# [Supplied entries]
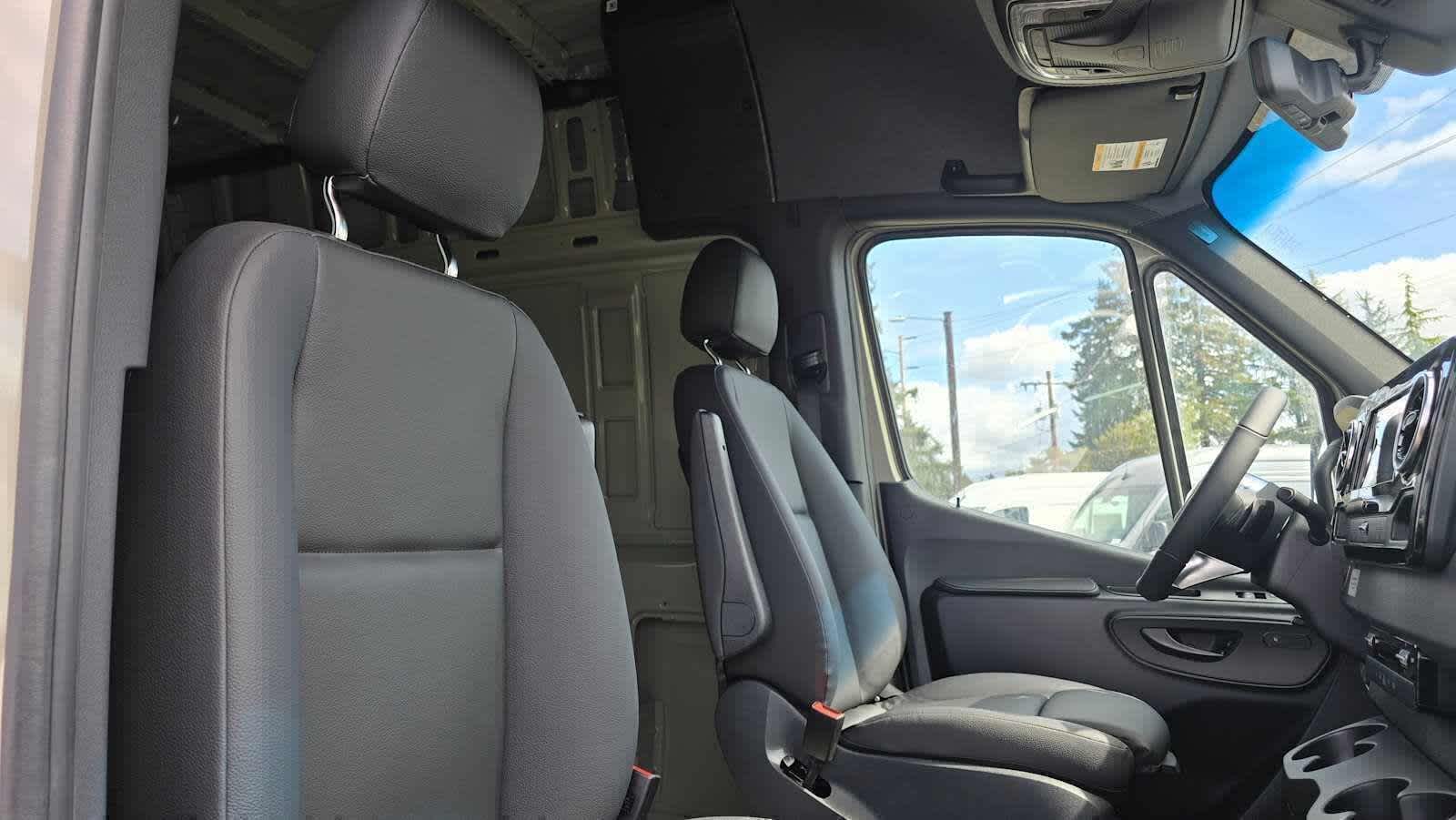 2026 Mercedes-Benz Sprinter 2500 Standard Roof I4 Diesel HO 144 AWD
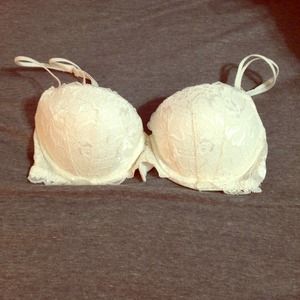 Victoria's Secret PINK: white/cream lace bra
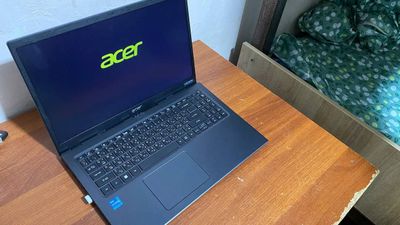 Acer Notbuk Corei3 250$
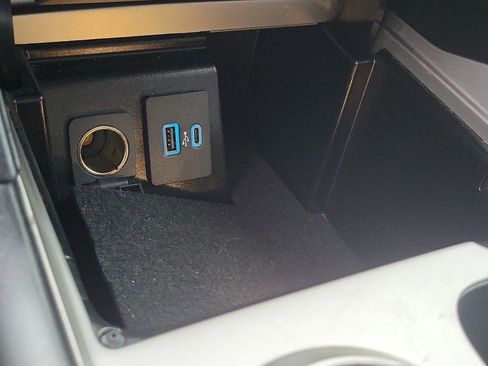 Used 2022 Ford Explorer XLT image 14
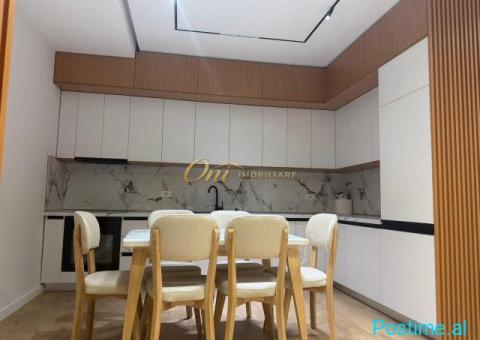 RRUGA 5 MAJI APARTAMENT PER QERA 2+1+2 - 6/8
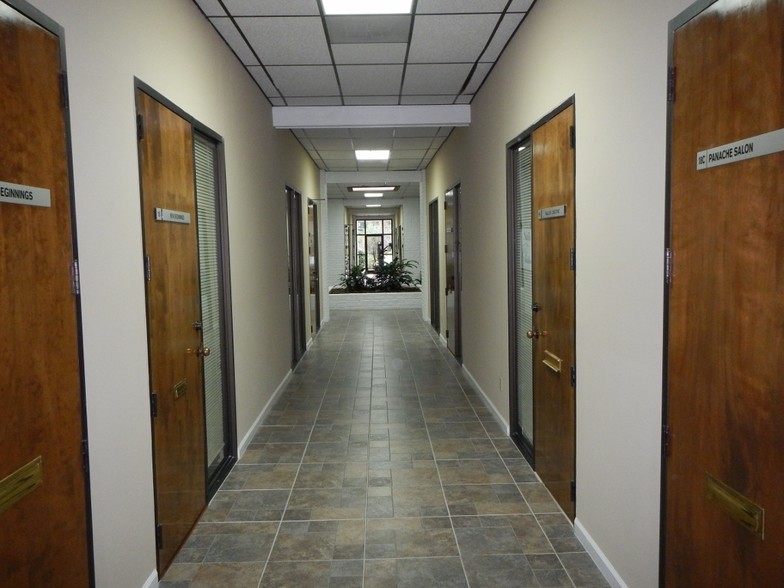 5830 Mount Moriah Rd, Memphis, TN à louer - Photo intérieure – Image 3 sur 4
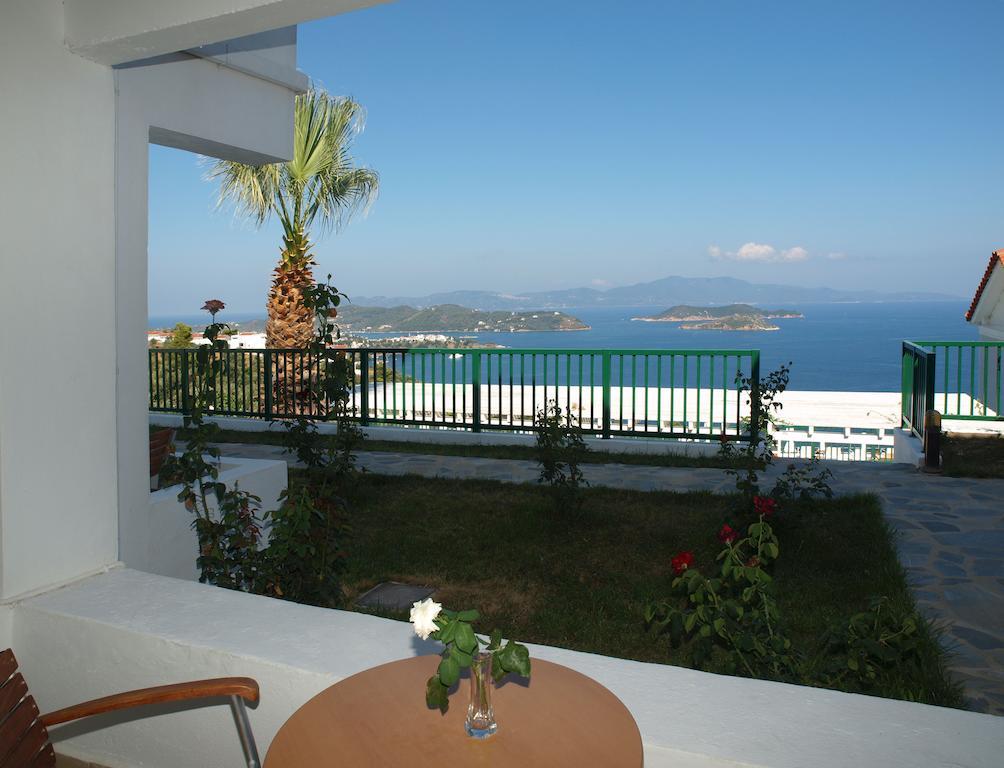 Skiathos Club Hotel & Suites Vasilias  Extérieur photo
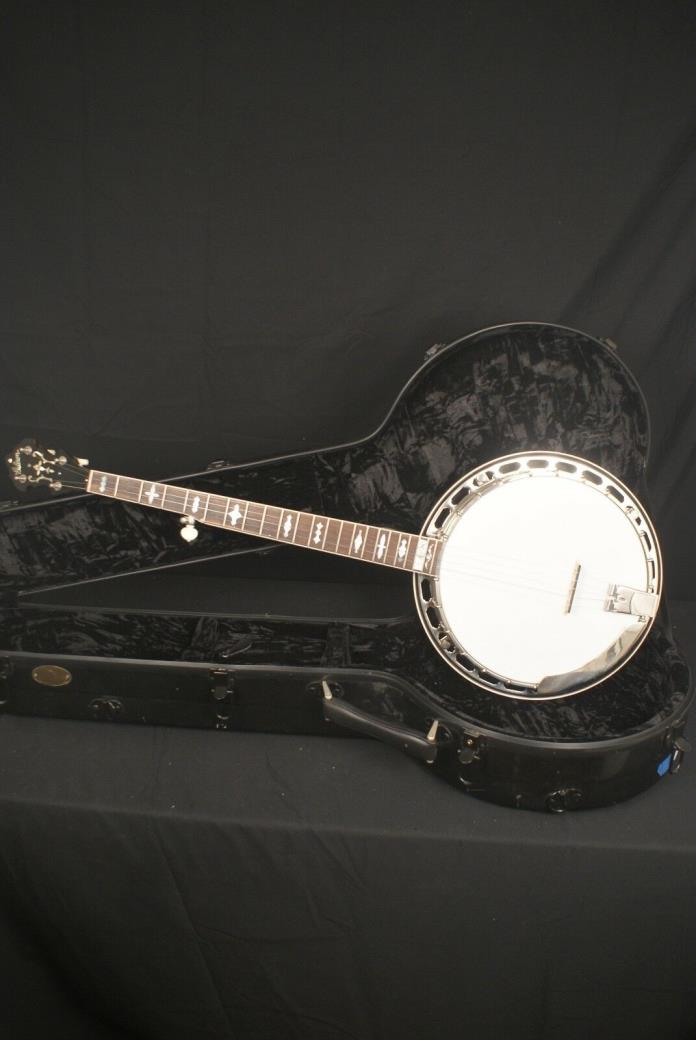 1997 Gibson RB3 5 string Banjo with Charlie Cushman set up and Superior Case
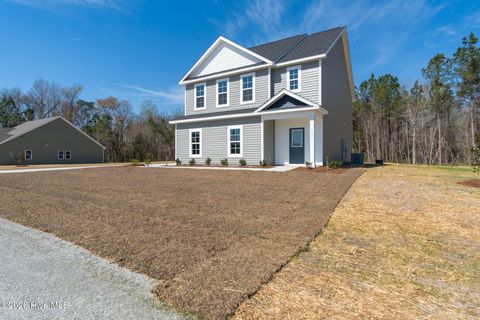 Homes For Sale - 104 Palo Alto Park Drive<br/> Maysville, NC 28555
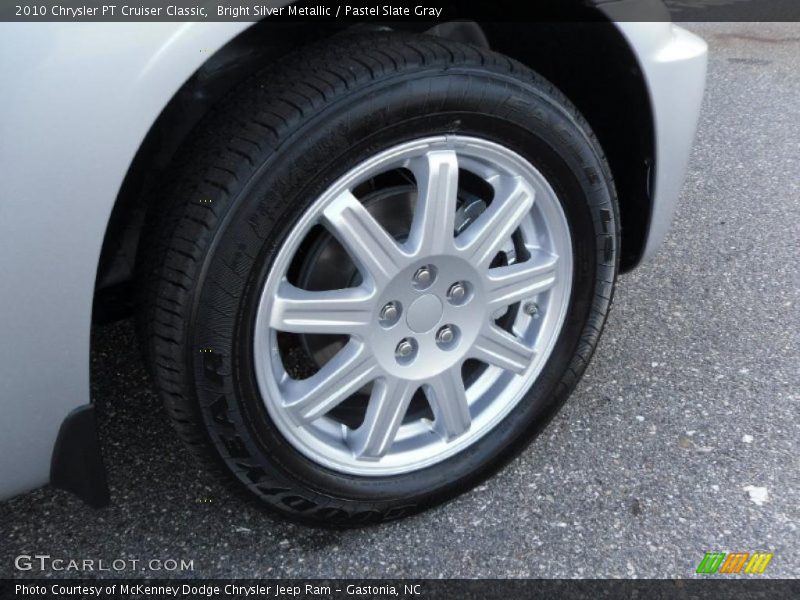 Bright Silver Metallic / Pastel Slate Gray 2010 Chrysler PT Cruiser Classic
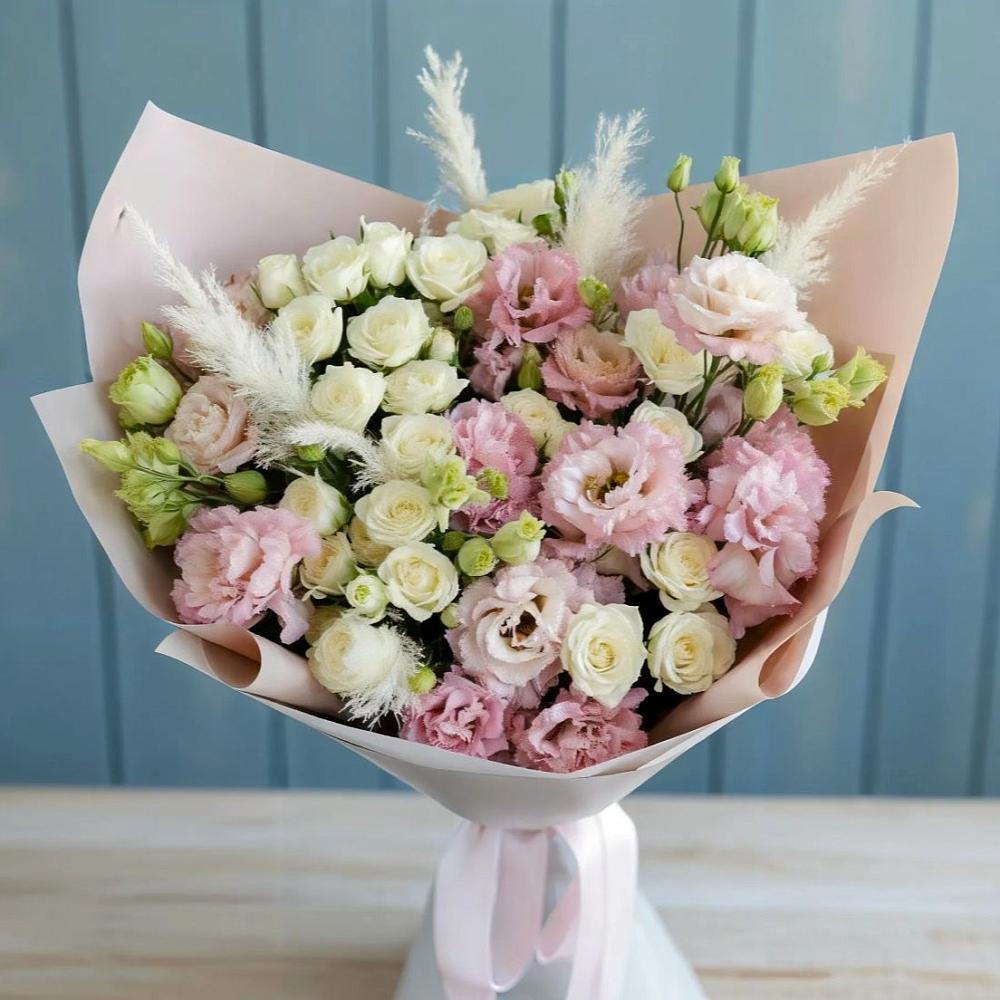 Букет цветов из: Альстромерии и Розы в Жатай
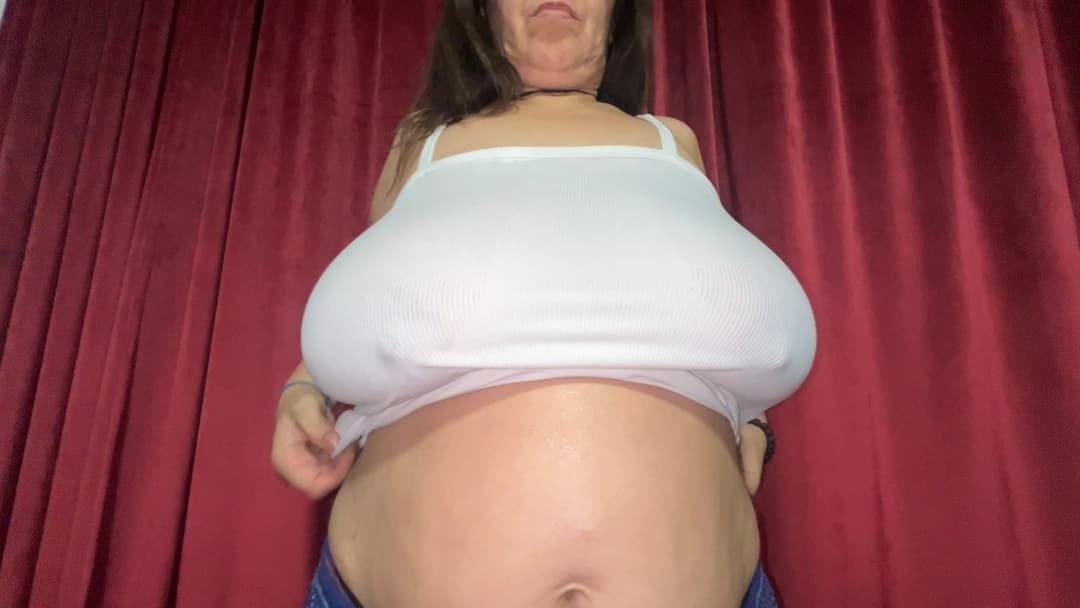 Click to view full size Wet tshirt-1080p30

# [Problem details]
Could you reproduce all of the data above exactly and skip any image?

# [Answer to the problem]
 2026 Mercedes-Benz Sprinter 2500 Standard Roof I4 Diesel HO 144 AWD
 Victoria's Secret PINK: white/cream lace bra
 Acer Notbuk Corei3 250$
 Used 2022 Ford Explorer XLT image 14
 RRUGA 5 MAJI APARTAMENT PER QERA 2+1+2 - 6/8
 5830 Mount Moriah Rd, Memphis, TN à louer - Photo intérieure – Image 3 sur 4
 Skiathos Club Hotel & Suites Vasilias  Extérieur photo
 1997 Gibson RB3 5 string Banjo with Charlie Cushman set up and Superior Case
 Homes For Sale - 104 Palo Alto Park Drive<br/> Maysville, NC 28555
 Bright Silver Metallic / Pastel Slate Gray 2010 Chrysler PT Cruiser Classic
 Букет цветов из: Альстромерии и Розы в Жатай
 Click to view full size Wet tshirt-1080p30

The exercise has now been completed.